Я распахнула глаза. И первым, что я увидела, был злополучный букет, который валялся неподалёку.

Захрипев, я отодвинулась от человека, сидящего на полу рядом со мной, отвернулась и склонилась над полом, сотрясаясь в сухом рвотном спазме.

– Наташа!!

– Я вызвала скорую, Максим Петрович, – этот голос я узнала. Светочка. А рядом со мной Громов.

Спазм прошёл, и я, облокотившись на пол, прохрипела:

– Букет… уберите его из комнаты…

Топот ног, грохот открываемой двери, чей-то громкий крик…

– Наташа… – Максим Петрович дотронулся до моей руки. – Пожалуйста, позволь мне отнести тебя на диван в мой кабинет. Не нужно сидеть на полу.

Я кивнула, не в силах говорить. Боль по-прежнему пульсировала в висках, но уже не такая режущая, как раньше.

Громов осторожно подхватил меня и легко, как будто я ничего не весила, отнёс на диван. Перед глазами всё расплывалось. И я отвернулась лицом к стене, прячась ото всех, в том числе и от Громова.

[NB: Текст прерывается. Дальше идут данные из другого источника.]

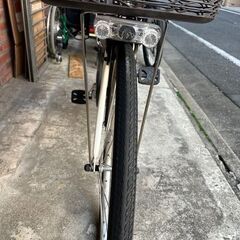 商談中【武蔵小山店】 【サドル新品！】ヤマハ YAMAHA 電動アシスト自転車 PAS ナチュラXL 26型 内装3段変速  PA26NXL 電動自転車 電動 自転車 12.3Ah シティサイクル ママチャリ 充電器付き 2019年購入の画像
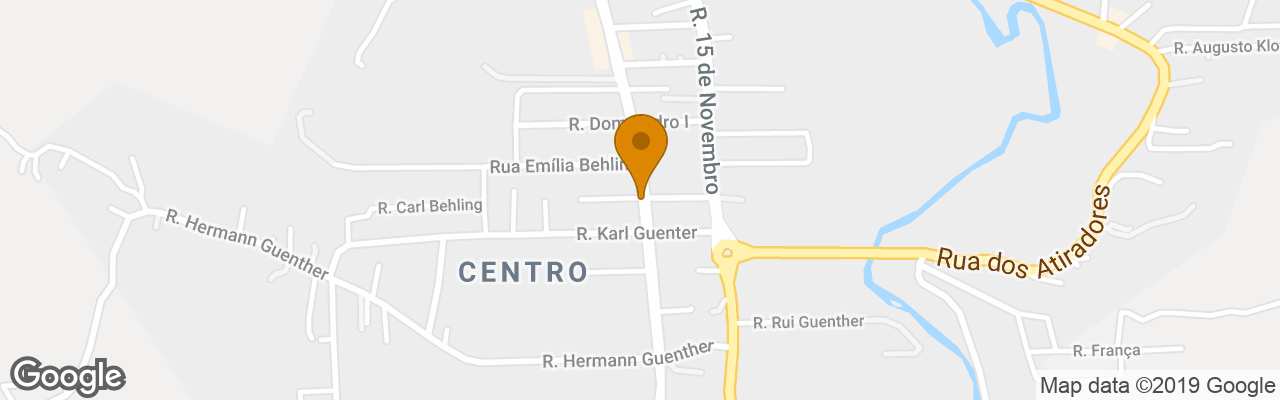 Hotel Pousada Blauberg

Больше мне никто ничего не говорил до самого приезда скорой помощи. Врачи меня ощупали, послушали, посмотрели, и вынесли вердикт.

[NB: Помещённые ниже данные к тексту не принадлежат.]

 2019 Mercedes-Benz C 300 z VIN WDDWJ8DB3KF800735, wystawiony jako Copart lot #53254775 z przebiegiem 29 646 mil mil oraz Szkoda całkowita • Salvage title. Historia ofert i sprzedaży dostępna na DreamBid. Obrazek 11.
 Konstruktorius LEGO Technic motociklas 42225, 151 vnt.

– Нервное перенапряжение. А головная боль из-за очень низкого давления усугубила общее состояние. Впрочем, если вы хотите, можем госпитализировать и проверить…

– Нет-нет, – поторопилась уверить я врачей, – я в порядке.

Светочка, стоящая рядом с дверью, скептически хмыкнула. Насупленный Громов недовольно сложил руки на груди, но ничего не сказал.

Мне выписали каких-то таблеток, витаминов, наказали больше отдыхать и гулять на свежем воздухе и наконец оставили в покое.

Вместе с врачами ушла и Светочка. Я осталась с Максимом Петровичем наедине. Осознав то, что лежу перед ним на диване, я попыталась встать, но потерпела сокрушительное поражение – голова кружилась так, как будто я только что слезла с карусели.

– Куда ты… – Громов моментально подскочил ко мне и помог улечься обратно. – Ты чего, дурочка? Лежи.

– А…

– Без «а». Попробуй поспать.

Погладив меня по волосам, Громов ушёл к своему рабочему столу. Я же послушно закрыла глаза и почти сразу провалилась в тяжёлый, будто свинцовый, сон.

Проснулась я от холода. Открыв глаза, я обнаружила, что в кабинете темно, как в склепе, и только на фоне открытого окна – чья-то тёмная фигура. Приглядевшись, я узнала Громова.

– Максим Петрович, – позвала я его. – Сколько уже времени?

Он обернулся и быстро подошёл к дивану. Сел рядом и положил руку мне на лоб.

– Тебе не холодно?

Я повела плечами.

– Немного. Но вы не ответили на вопрос…

– Ты хочешь знать, сколько ты проспала? – Громов снял с себя пиджак и накрыл им меня. – Сейчас полседьмого. Я боялся тебя будить.

– Почему?

Несколько секунд Максим Петрович молчал.

– Просто хотел, чтобы ты отдохнула подольше. Ты очень напугала меня сегодня.

Громов встал с дивана, подошёл к своему столу и включил маленькую лампу. Я поморщилась, но зато теперь я видела его лицо. Пусть он сидел спиной к свету, всё же глаза разглядеть я могла.